According to the pre-1980 excavations, the history of the southern Bulgarian city of Plovdiv – often dubbed the oldest city in Europe – began with the human settlement on the ancient hill of Nebet Tepe (“tepe” is the Turkishword for “hill”), one of the seven historic hills where Plovdiv was founded and developed in prehistoric and ancient times.
Thanks to the prehistoric, ancient, and medieval settlement and fortress of Nebet Tepe, Plovdiv hold the title of “Europe’s oldest city” (and that of the world’s six oldest city, according to a Daily Telegraph ranking).
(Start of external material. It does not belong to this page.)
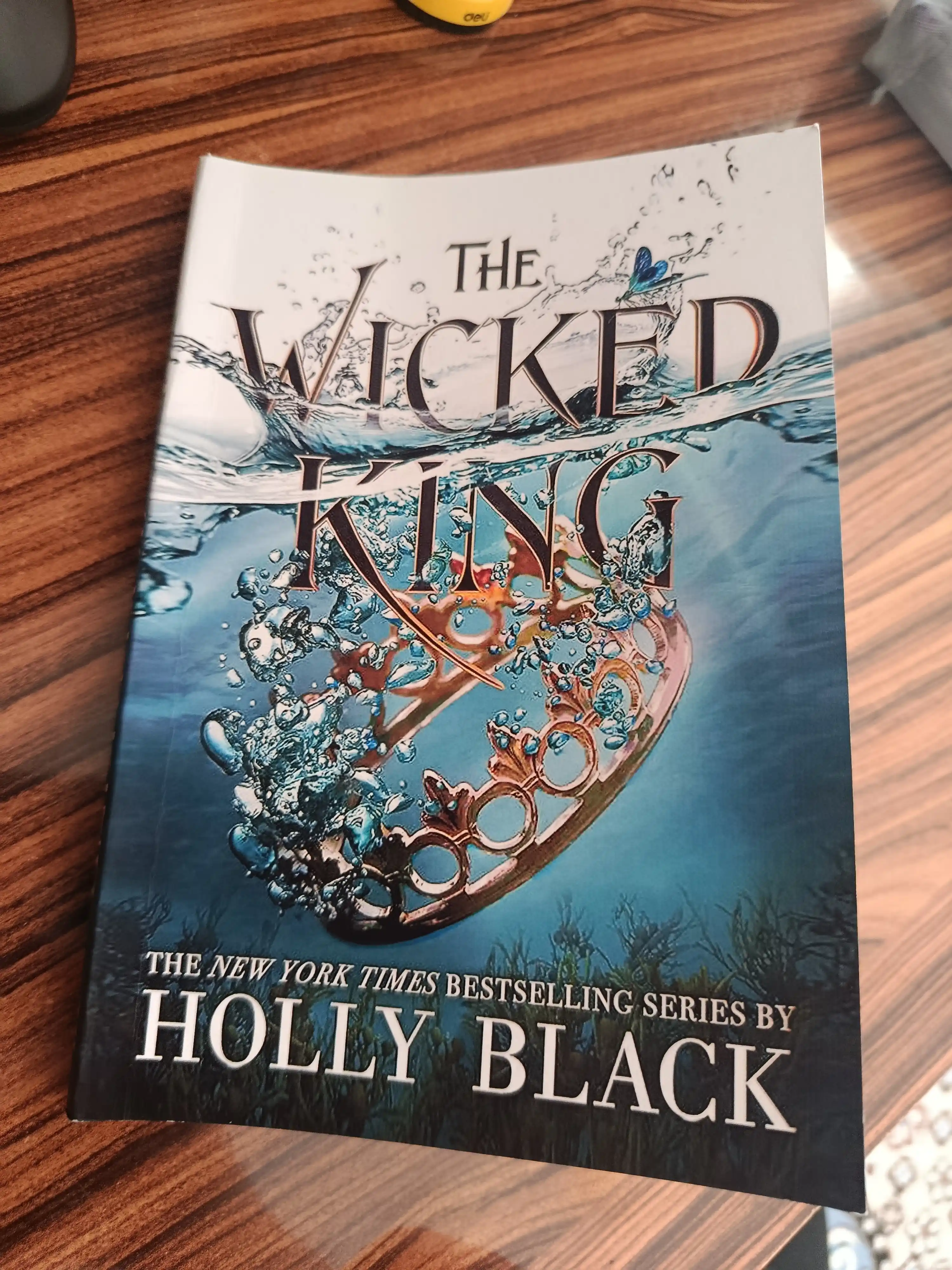 The Wicked King - Holly Black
Recent excavations, however, have disputed that title.
The hills, or “tepeta”, are still known today by their Turkish names from the Ottoman period. Out of all of them, Nebet Tepe has the earliest traces of civilized life dating back to the 6th millennium BC, which makes Plovdiv 8,000 years old, and allegedly the oldest city in Europe. Around 1200 BC, the prehistoric settlement on Nebet Tepe was transformed into the Ancient Thracian city of Eumolpia, also known as Pulpudeva, inhabited by the powerful Ancient Thracian tribe Bessi.
During the Early Antiquity period Eumolpia / Pulpudeva grew to encompass the two nearby hills (Dzhambaz Tepe and Taxim Tepe known together with Nebet Tepe as “The Three Hills”) as well, with the oldest settlement on Nebet Tepe becoming the citadel of the city acropolis.
In 342 BC, the Thracian city of Eumolpia / Pulpudeva was conquered by King Philip II of Macedon renaming the city to Philippopolis. Philippopolis developed further as a major urban center during the Hellenistic period after the collapse of Alexander the Great’s Empire.
In the 1st century AD, more precisely in 46 AD, Ancient Thrace was annexed by the Roman Empire making Philippopolis the major city in the Ancient Roman province of Thrace. This is the period when the city expanded further into the plain around The Three Hills which is why it was also known as Trimontium (“the three hills”).
Because of the large scale public construction works during the period of Ancient Rome’s Flavian Dynasty (69-96 AD, including Emperor Vespasian (r. 69-79 AD), Emperor Titus (r. 79-81 AD), Emperor Domitian (r. 81-96 AD)), Plovdiv was also known as Flavia Philippopolis.
Later emerging as a major Early Byzantine city, Plovdiv was conquered for the First Bulgarian Empire (632/680 – 1018 AD) by Khan (or Kanas) Krum (r. 803-814 AD) in 812 AD but was permanently incorporated into Bulgaria under Khan (or Kanas) Malamir (r. 831-836 AD) in 834 AD.
In Old Bulgarian (also known today as Church Slavonic), the city’s name was recorded as Papaldin, Paldin, and Pladin, and later Plavdiv from which today’s name Plovdiv originated. The Nebet Tepe fortress continued to be an important part of the city’s fortifications until the 14th century when the Second Bulgarian Empire (1185-1396 AD) was conquered by the Ottoman Turks. During the period the Ottoman yoke (1396-1878/1912) when Bulgaria was part of the Ottoman Empire, Plovdiv was called Filibe in Turkish.
Today the prehistoric, ancient, and medieval settlement on Nebet Tepe has been recognized as the Nebet Tepe Archaeological Preserve. Some of the unique archaeological finds from Nebet Tepe include an ancient secret tunnel which, according to legends, was used by Apostle Paul (even though it has been dated to the reign of Byzantine Emperor Justinian I the Great (r. 527-565 AD)) and large scale water storage reservoirs used during sieges, one of them with an impressive volume of 300,000 liters. Still preserved today are parts of the western fortress wall with a rectangular tower from the Antiquity period.